The February Patent restored much authority to the central government and so made the centralists happier, but it only antagonized further the federalists, now led enthusiastically by the Hungarians. Resistance was so great that by 1865 the constitution was considered unworkable, and Francis Joseph began negotiations with the Hungarians to revise it. In the meantime, a form of government by bureaucracy ran the country.
These constitutional issues received a significant jolt by another failure of Habsburg foreign policy. After the disbandment of the Frankfurt National Assembly in 1849, the German Confederation founded in 1815 had resumed its work, but the question of German unification had not gone away. In 1862 this issue gained an unlikely champion in the appointment of Otto von Bismarck as prime minister of Prussia and later chancellor of the German Empire. Bismarck was a Prussian patriot and a loyal subject of his king. While definitely not a German nationalist, he was determined to extend Prussia’s power and authority into the German lands, and he knew that Prussia could expand its influence in Germany only at Austria’s expense. From 1862 to 1866 he conducted a remarkably deft foreign policy that succeeded in isolating Austria from possible allies in Europe.
By exploiting issues in the German Confederation, Bismarck was able in 1866 to force Austria into a position that could only be resolved by war. The conflict is known as the Seven Weeks’ War or the Austro-Prussian War. On July 3, 1866, the two armies clashed in this struggle’s only major Austro-Prussian battle, the Battle of Königgrätz, or Sadowa as it is known in Austrian histories. Although the battle was hard fought on both sides, the arrival of an extra Prussian force toward the end of the day decided it in favour of Prussia. Afterward, peace came quickly, because neither side wanted the war to continue. As Austria had been excluded from the future of Italy in 1859, so it was now excluded from the future of Germany.
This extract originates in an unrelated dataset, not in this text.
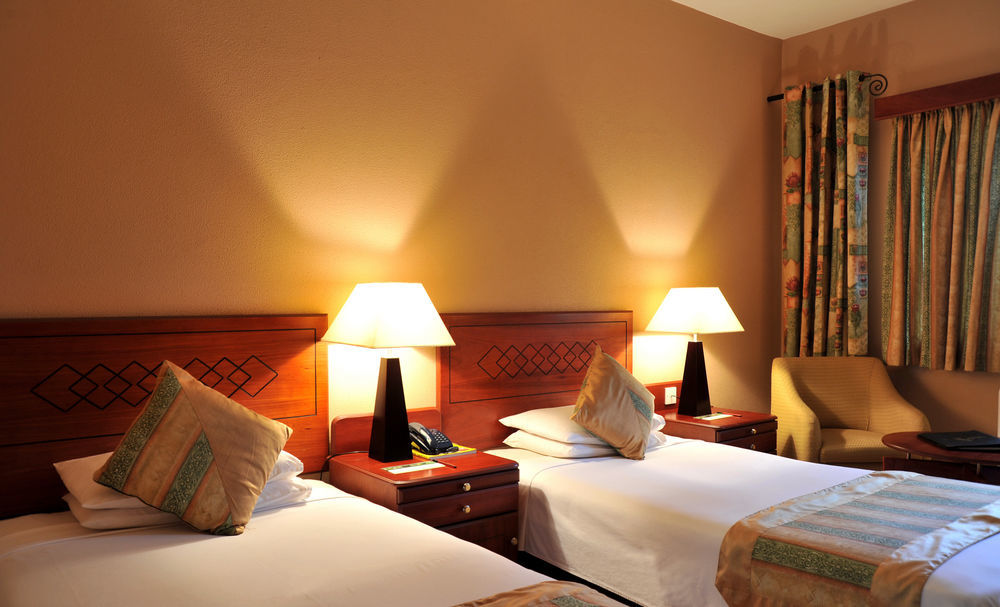 M'Kango Golfview Hotel Лусака Экстерьер фото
The German Confederation came to an end, and Prussia was allowed a free hand in reorganizing northern Germany as it wished (see North German Confederation). Moreover, Italy had joined Prussia against Austria and, although defeated on land and sea, received Venetia, Austria’s last possession in Italy, for its loyalty. Internally, the war meant that the government had to reach a constitutional arrangement for the remainder of its possessions.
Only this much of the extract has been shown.